**WHAT TO PRODUCE:** What is wanted is every line below from the one with "New 2027 Ford" up to and including the one with "Great Feel Hotel Yangon Ngoại thất bức ảnh", retyped exactly, pictures excluded, nothing else.

**THE RECORDS:**
▬▬▬▬▬▬

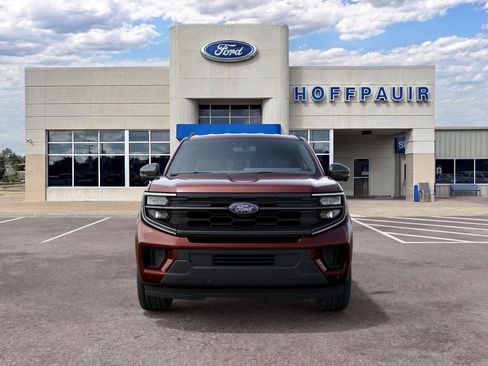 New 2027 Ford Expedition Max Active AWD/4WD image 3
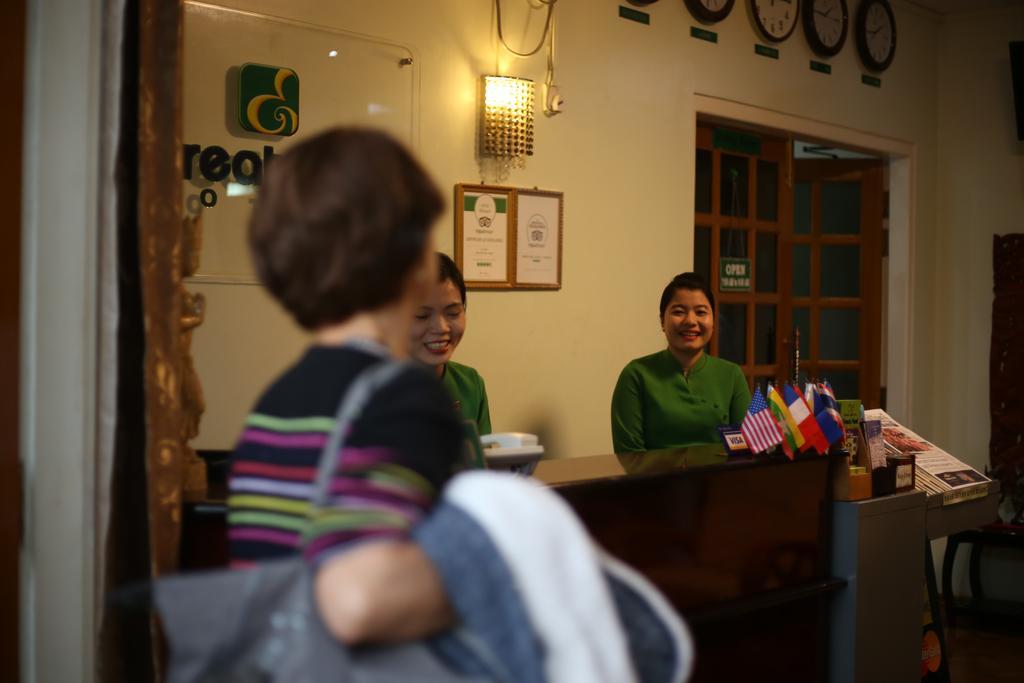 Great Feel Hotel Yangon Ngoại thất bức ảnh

▬▬▬▬▬▬

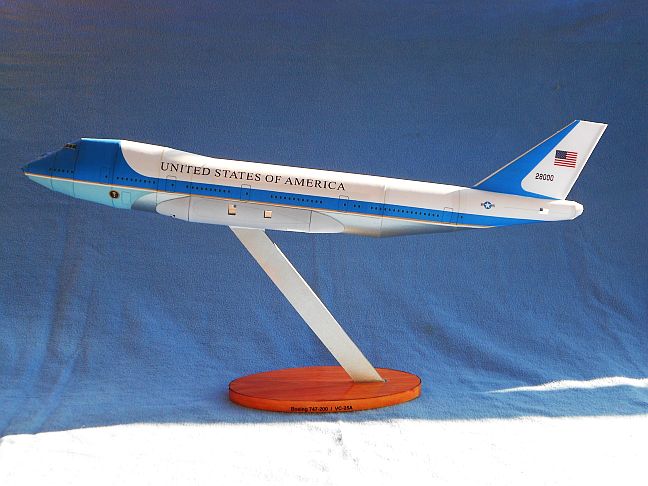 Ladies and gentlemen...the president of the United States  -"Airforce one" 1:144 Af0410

▬▬▬▬▬▬

**ANSWER SPACE:**
 New 2027 Ford Expedition Max Active AWD/4WD image 3
 Great Feel Hotel Yangon Ngoại thất bức ảnh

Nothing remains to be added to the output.